I recenti bombardamenti su Damasco colpiscono direttamente il cuore operativo di Al Jolani, ex leader di Al Qaeda in Siria, oggi al potere in forme nuove. Israele ha un obiettivo strategico o è un conflitto su più fronti che rischia di sfuggire al controllo?
«La precipitosa fuga di Bashar Al Assad ed il cambio di regime pilotato dai turchi non ha pacificato la Siria, e non tutte le milizie hanno accettato la riunificazione sotto l’autorità di Al-Jolani, benché sia probabile che la sua avanzata avesse un tacito nulla osta di americani ed israeliani. Tuttavia, la Siria è complicata, multietnica e basata ancora sull’antica struttura sociale tribale. Gli scontri tra beduini sunniti e drusi sciiti sono scaturiti dal rapimento di un ambulante, ma le forze militari governative, in appoggio ai beduini, hanno occupato la roccaforte drusa. Gli attacchi aerei israeliani sono avvenuti a sostegno della comunità drusa siriana, anche se ufficialmente l’intenzione di Tel Aviv sarebbe scongiurare l’assembramento di forze ostili vicino al confine. In realtà la comunità dei Drusi è molto presente in Israele e nelle forze armate dello stato ebraico, ed è questa la vera ragione della protezione dei Drusi siriani».
In Europa cresce una retorica ostile a Israele: boicottaggi accademici, accuse di genocidio, tentativi di sabotare la cooperazione scientifica e militare tra UE e Israele…
«Trovo avvilente questo arretramento politico e culturale, soprattutto quando coinvolge le Università, che deve stimolare e favorire il confronto, lo scambio e la conoscenza.

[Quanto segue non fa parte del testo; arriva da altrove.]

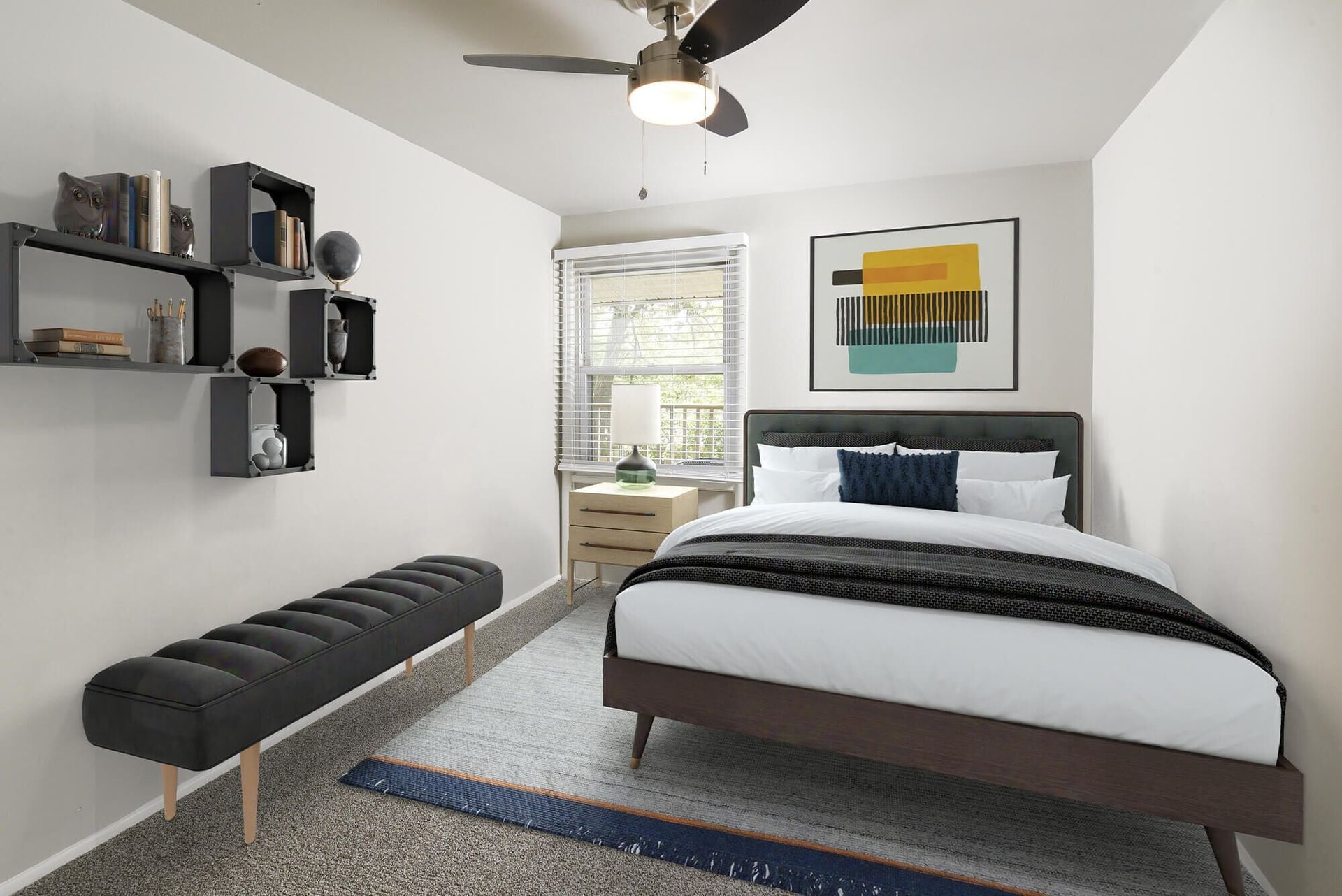 Bedroom in an apartment with a queen bed, nightstand, window, wall art, and floating shelves.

Credo che il boicottaggio accademico e della cooperazione scientifica con le istituzioni culturali israeliane sia un errore che ci riporta indietro nel tempo ed alimento gli antichi pregiudizi antisemiti che l’Europa conosce da secoli, che hanno generato l’odio razziale e sono approdati all’Olocausto. Io non amo il Governo Israeliano, che giudico pessimo, come non amo il Presidente americano, ma non perdo di vista la differenza tra le democrazie e le dittature, e penso che si possa contestarne la politica senza compromettere la cooperazione tra Paesi Democratici. Che poi il boicottaggio di Israele sia propugnato da chi sostiene la ripresa dei rapporti commerciali con la Russia o con l’Iran mi fa pensare male».